Scraped caption text data:
========================================

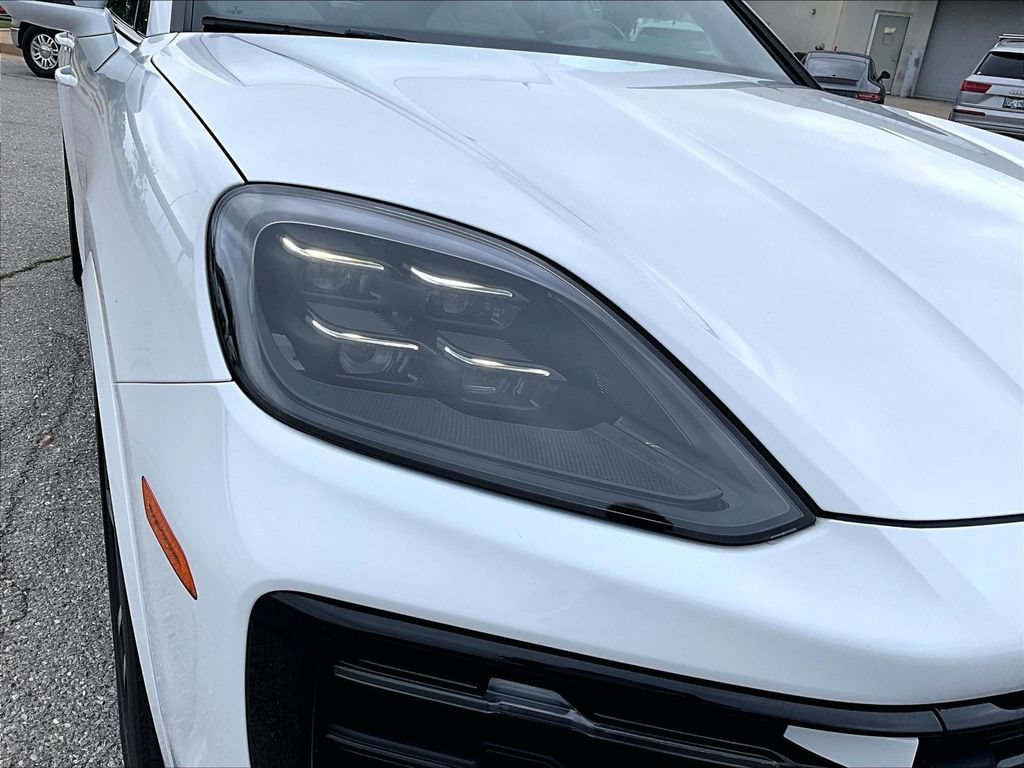 Certified 2024 Porsche Cayenne S AWD/4WD image 12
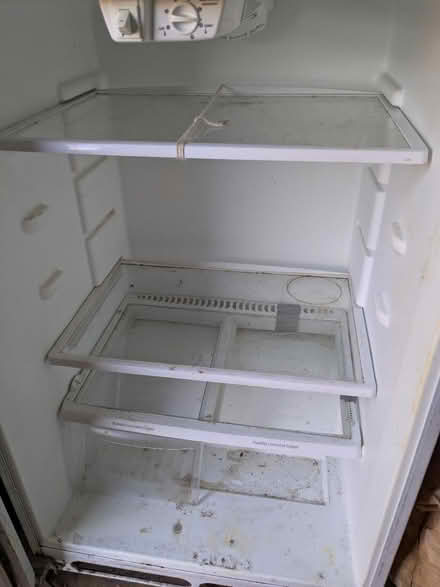 Photo of free Refrigerator / Freezer (broken) (Stearns Farm CSA) #4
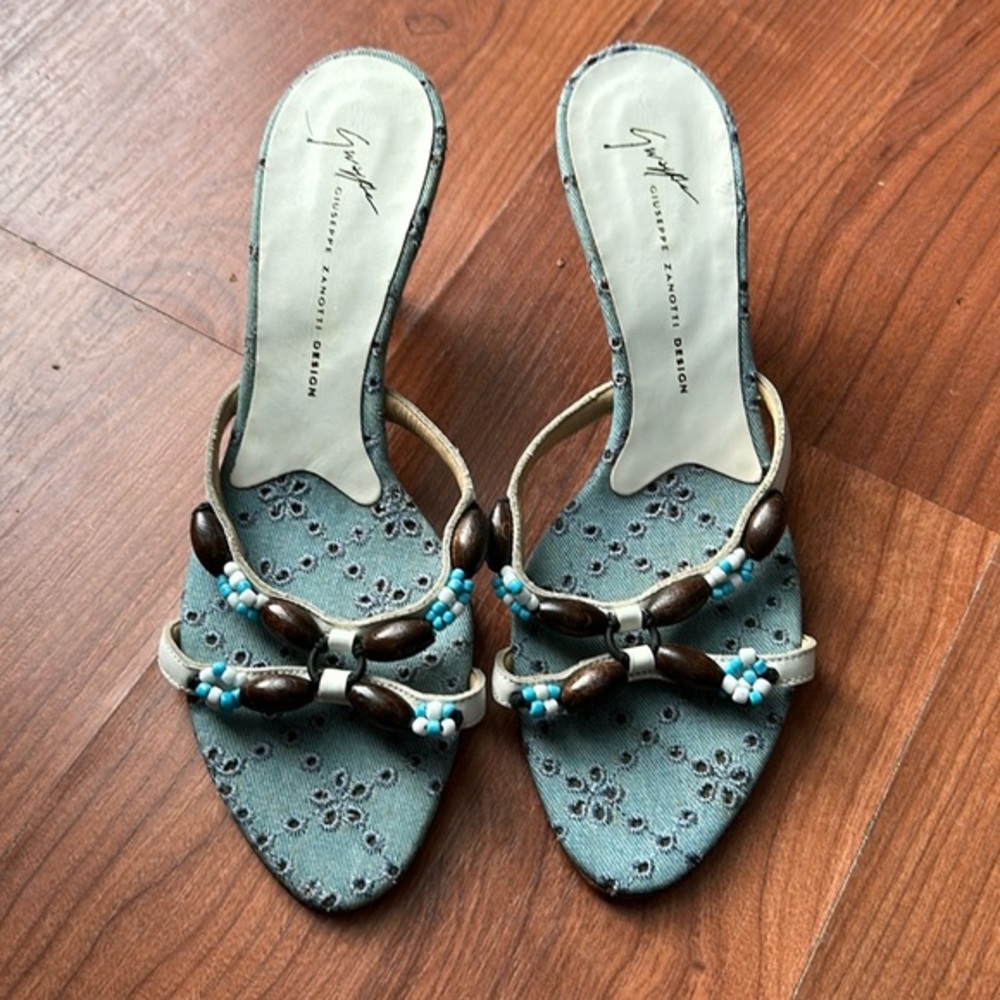 NWT GIUSEPPE ZANOTTI VICINI Blue Denim Beaded Sandal Kitten Heel size 38(7)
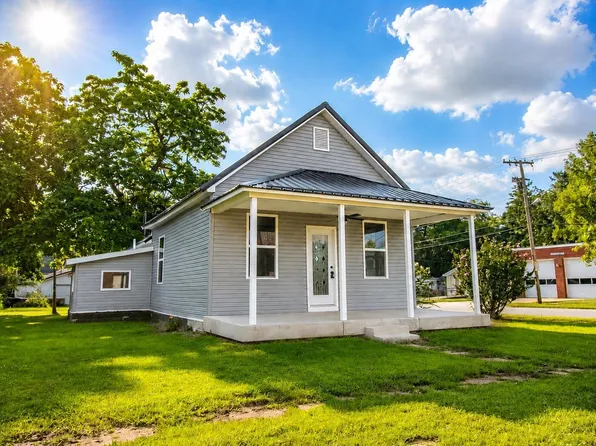21 N Shield St, Knox, IN 46534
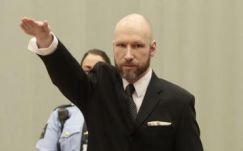 Náci karlendítéssel köszöntötte a bíróságot a tömeggyilkos Breivik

========================================

Leaving pictures aside, give again word for word each line from the one with "21 N Shield St, Knox, IN 46534" to the final line of the entries.

Exercise output:
21 N Shield St, Knox, IN 46534
 Náci karlendítéssel köszöntötte a bíróságot a tömeggyilkos Breivik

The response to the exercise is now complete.